Depression has hit me. Typing is kind of like swallowing wood dust with no water in sight, but what the hell.
Apparently, I'm not alone. I'm never alone. Someone else out there is feeling like a failure, so here it is. You and I, we can feel like crap together.
10. I have one client who won't pay me, and another client just quit me, and I'm pretty sure there's no reason to keep pretending that I own a business when I'm not making any money.
9. The only thing I want to do is coach and get paid for it, but apparently I can only coach for free - no one is willing to pay me. This is very sad for me.
8. When I think of quitting my business I want to curl up in a ball and cry.
7. I have no idea what I would do besides this, and that makes me even more depressed. And then I think it'll be impossible to get a job. And then I think maybe I should temp as a secretary and that depresses me even more, because why did I get two Master's degrees if I was just going to be a secretary. I could do that with a lot less education.
6. Then I think I should stay at home with my daughter, pull her out of preschool to save money, and then I realize I suck at being a stay at home mom and I look longingly at the corner where I'm going to cry.
5. Then I think I should be writing, and then I remember that I don't write every day, so clearly I'm not a real writer, and even considering trying to write for a living is total insanity.

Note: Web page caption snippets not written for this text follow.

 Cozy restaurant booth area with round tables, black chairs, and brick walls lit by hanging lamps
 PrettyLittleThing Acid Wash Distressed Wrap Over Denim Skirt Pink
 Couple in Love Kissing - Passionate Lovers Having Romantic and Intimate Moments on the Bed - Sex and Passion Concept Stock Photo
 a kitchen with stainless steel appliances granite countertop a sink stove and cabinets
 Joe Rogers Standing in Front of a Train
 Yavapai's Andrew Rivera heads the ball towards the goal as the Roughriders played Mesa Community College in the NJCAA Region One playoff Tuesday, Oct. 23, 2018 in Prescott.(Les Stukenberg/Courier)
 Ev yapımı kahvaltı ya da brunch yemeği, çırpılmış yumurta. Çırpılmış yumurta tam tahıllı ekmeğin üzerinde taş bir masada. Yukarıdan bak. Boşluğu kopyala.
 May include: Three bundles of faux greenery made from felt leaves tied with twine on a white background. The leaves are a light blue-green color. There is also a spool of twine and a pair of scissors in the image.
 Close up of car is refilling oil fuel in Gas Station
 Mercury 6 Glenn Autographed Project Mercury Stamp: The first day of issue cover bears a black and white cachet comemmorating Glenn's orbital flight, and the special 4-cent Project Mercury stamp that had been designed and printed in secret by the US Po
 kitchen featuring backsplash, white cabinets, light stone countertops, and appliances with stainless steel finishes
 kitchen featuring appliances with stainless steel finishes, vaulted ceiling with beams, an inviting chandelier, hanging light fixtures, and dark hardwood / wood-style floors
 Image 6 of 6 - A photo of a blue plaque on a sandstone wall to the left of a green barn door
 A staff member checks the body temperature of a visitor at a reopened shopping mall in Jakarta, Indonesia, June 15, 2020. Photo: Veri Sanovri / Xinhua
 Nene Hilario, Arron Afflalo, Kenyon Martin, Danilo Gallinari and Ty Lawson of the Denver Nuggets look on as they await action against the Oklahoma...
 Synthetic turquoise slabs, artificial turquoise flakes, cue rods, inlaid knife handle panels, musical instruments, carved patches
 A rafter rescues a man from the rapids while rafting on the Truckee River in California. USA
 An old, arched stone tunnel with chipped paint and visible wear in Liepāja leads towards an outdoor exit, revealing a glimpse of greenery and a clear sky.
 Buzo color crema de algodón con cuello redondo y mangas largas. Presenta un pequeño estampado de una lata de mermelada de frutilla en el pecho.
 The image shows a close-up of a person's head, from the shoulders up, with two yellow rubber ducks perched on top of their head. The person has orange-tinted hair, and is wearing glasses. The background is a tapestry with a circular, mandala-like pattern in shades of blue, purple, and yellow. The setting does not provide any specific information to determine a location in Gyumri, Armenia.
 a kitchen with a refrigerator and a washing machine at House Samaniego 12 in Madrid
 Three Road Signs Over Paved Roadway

4. I wonder what is wrong with me. I mean, my period isn't due for at least 2 more weeks and I'm taking my anti-depressant and using my anti-SAD light box, so why am I so sad?
3. I have made all the wrong choices in my career and there is no recovery.
2. I bought liquor and plan to drink some tonight while eating Oreos, because I have no self-control and I'm clearly a failure, so I might as well throw it all away.
1. Except I won't get drunk. I'll just get sad.
Welcome to the most depressing post ever. I hope that you feel better than me.